In the entries that follow, find the line containing "Costway 4-Pack Folding" and the line containing "TEKA Grifo de", then retype exactly the lines from the first through the second, pictures excluded.

(THE INPUT):
-*-
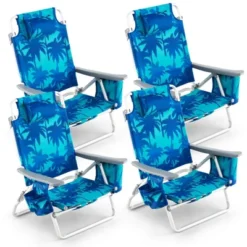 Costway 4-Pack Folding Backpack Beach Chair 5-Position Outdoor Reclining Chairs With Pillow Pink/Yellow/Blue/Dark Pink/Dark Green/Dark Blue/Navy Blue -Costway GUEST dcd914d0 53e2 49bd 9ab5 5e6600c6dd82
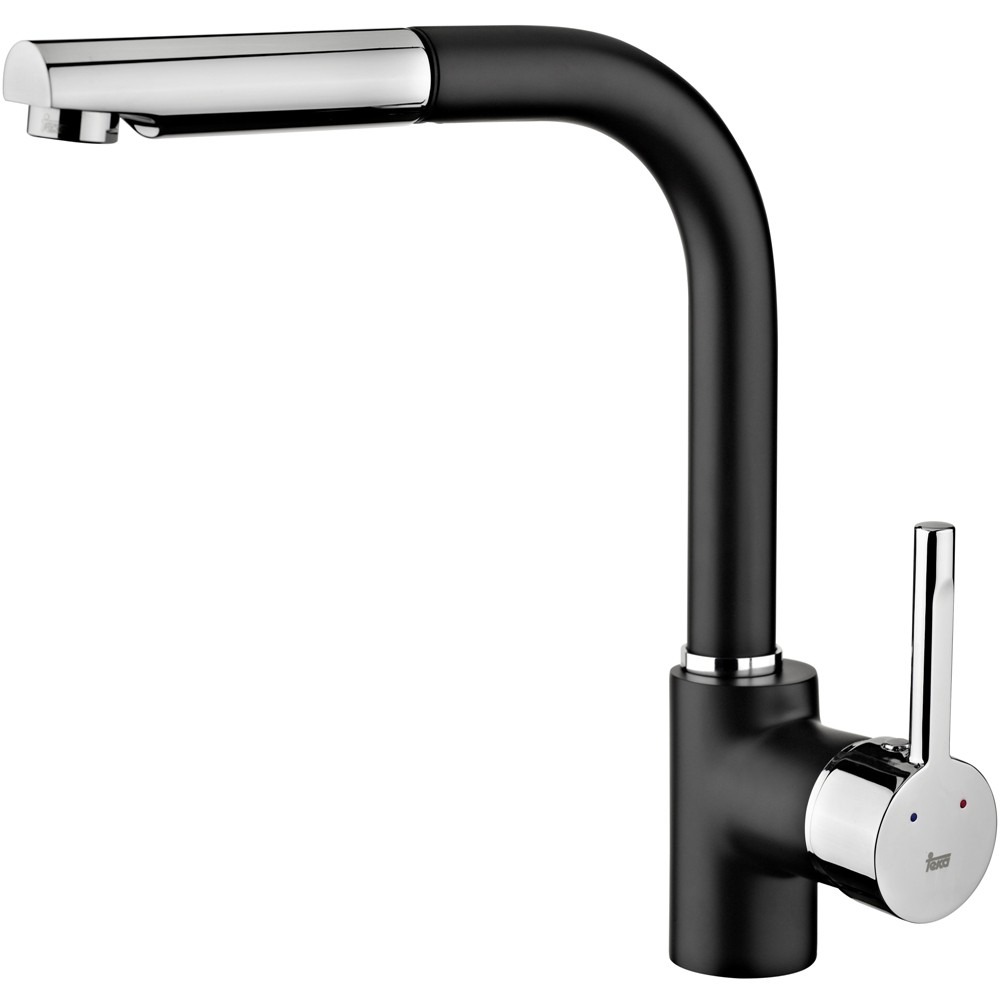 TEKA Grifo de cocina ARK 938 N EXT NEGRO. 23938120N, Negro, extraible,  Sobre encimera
-*-
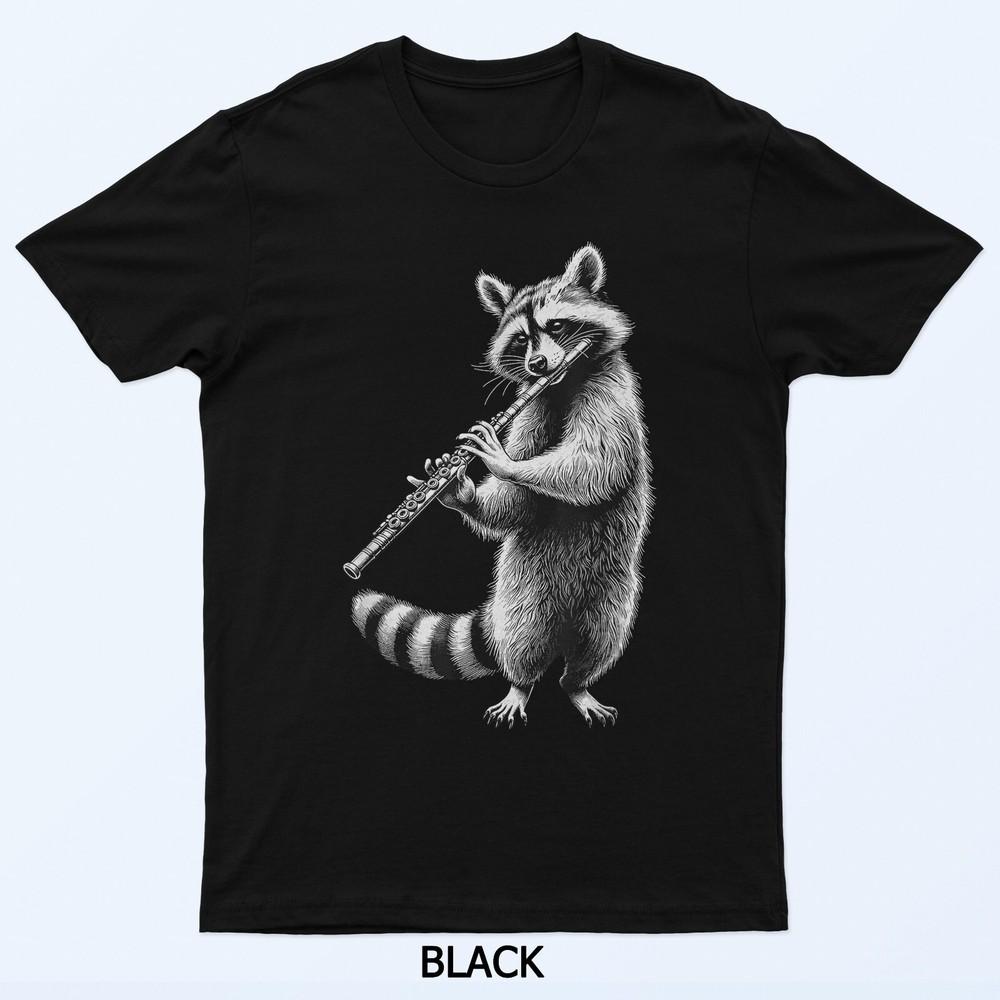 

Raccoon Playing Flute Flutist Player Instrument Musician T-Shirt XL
-*-
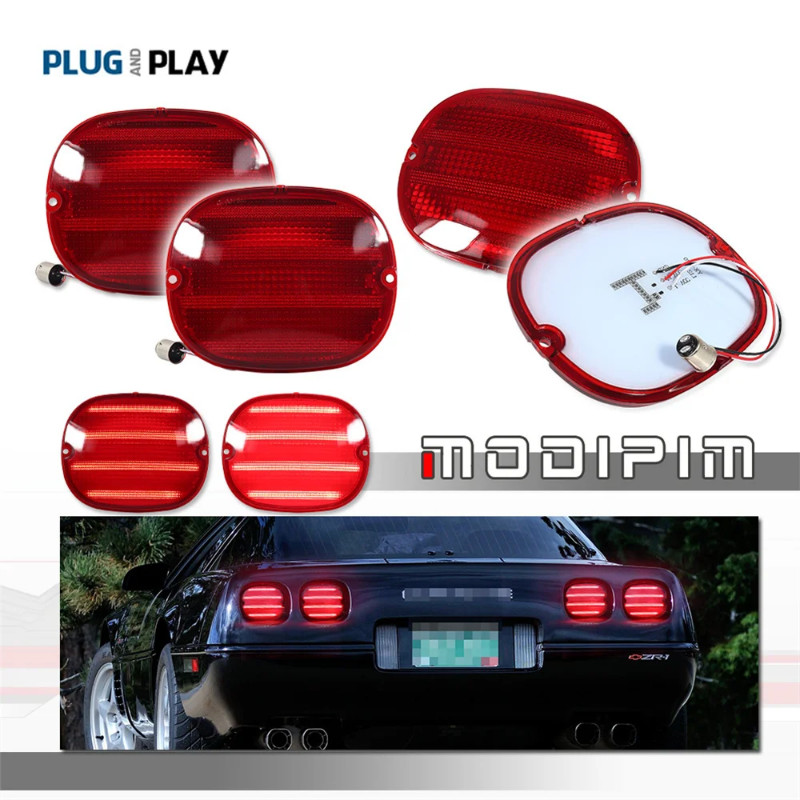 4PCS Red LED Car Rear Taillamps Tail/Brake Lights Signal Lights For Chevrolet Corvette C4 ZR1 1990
-*-
(RESULT BELOW):
 Costway 4-Pack Folding Backpack Beach Chair 5-Position Outdoor Reclining Chairs With Pillow Pink/Yellow/Blue/Dark Pink/Dark Green/Dark Blue/Navy Blue -Costway GUEST dcd914d0 53e2 49bd 9ab5 5e6600c6dd82
 TEKA Grifo de cocina ARK 938 N EXT NEGRO. 23938120N, Negro, extraible,  Sobre encimera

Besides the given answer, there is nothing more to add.